Two things: first, plenty of people still have devices with less than 32 MB of RAM and this was certainly the case when early devices are used

Irrelevant. No one has an iPhone with under 32MB of RAM. The existence of devices under 32MB has no baring on the

Secondly, Apple in its egocentricity decided to support neither

They also chose not to port Mono. Or any other VM environments. They let you run binaries (although they did restrict this in the developer license for a while), so as long as your language of choice can generate ARM assembly it will run. The egocentricity seems to be more on your part, deciding that Apple needs to pay to have the runtime for your favourite language ported to their platform.
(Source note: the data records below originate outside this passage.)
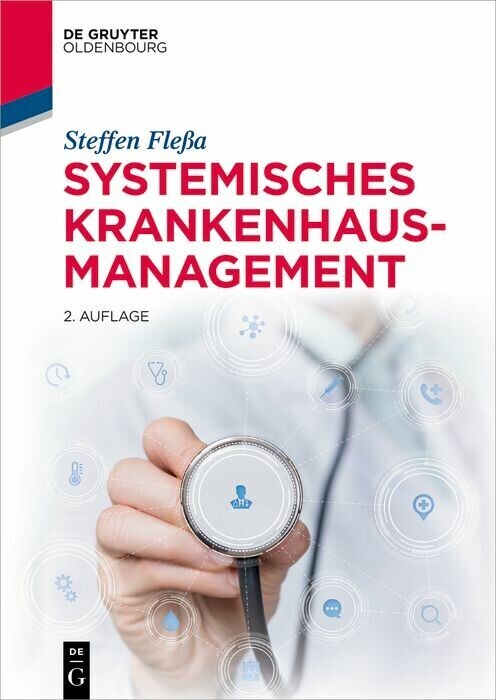 Systemisches Krankenhausmanagement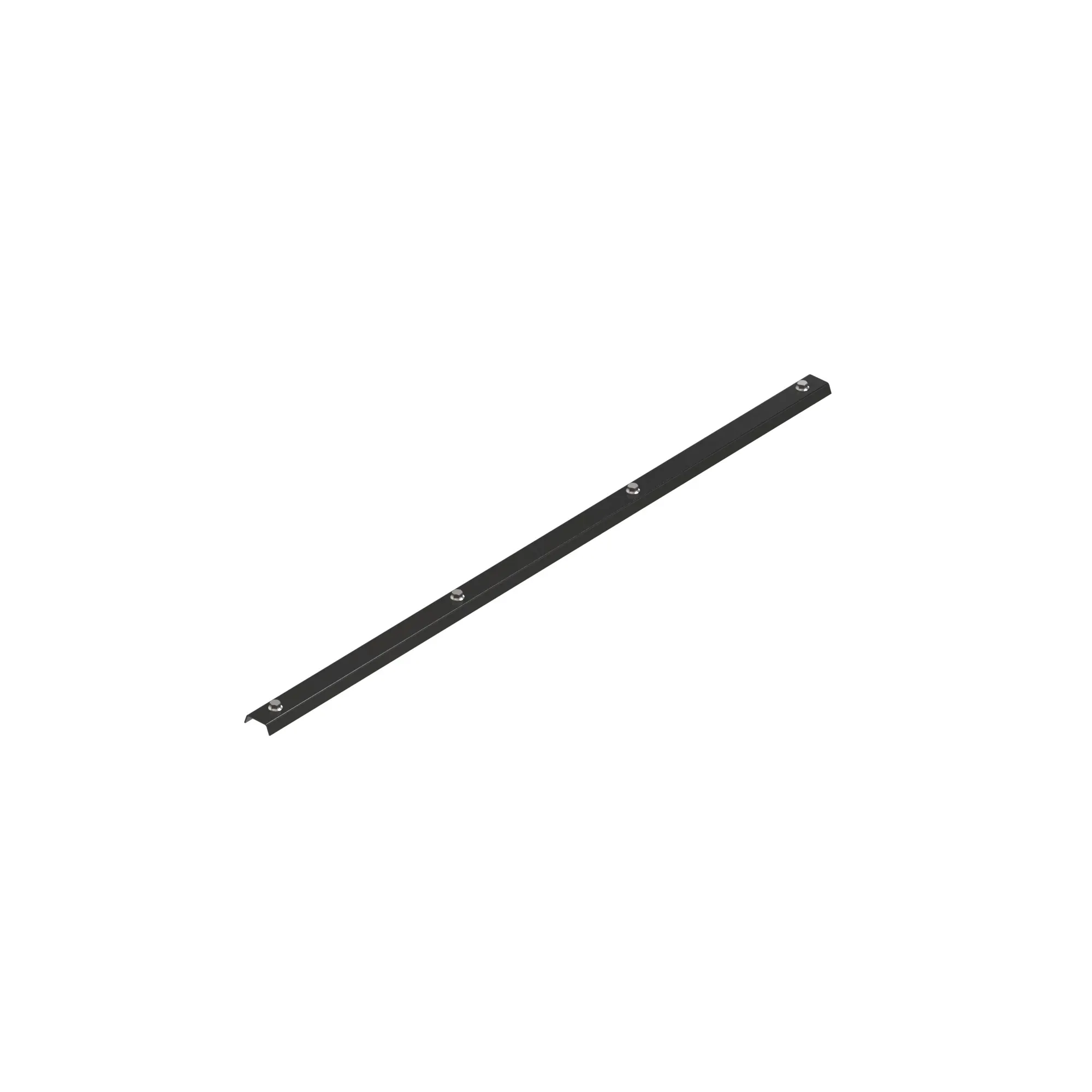 DRAFT TUBE COVER, 5.25 FT, ASSY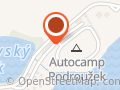 Autocamp Podroužek Netolice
Universal cross-platform was slowly becoming a reality but thanks to Apple (iOS) and Microsoft (XBox) they are trying to silo again. For *users* is a step backwards, not forwards

No, for users cross-platform applications that had a non-native look and feel were a step backwards. Java applications on OS X often can't even get text boxes right - the shortcut keys for navigating in a text field are different to every other application that the user uses on the platform - and things like menu layouts are also unconventional. How is that good for the user? Users benefit from good ports, not from half-arsed recompile-and-ship jobs. Or, in the case of Java, skipping even the recompile step.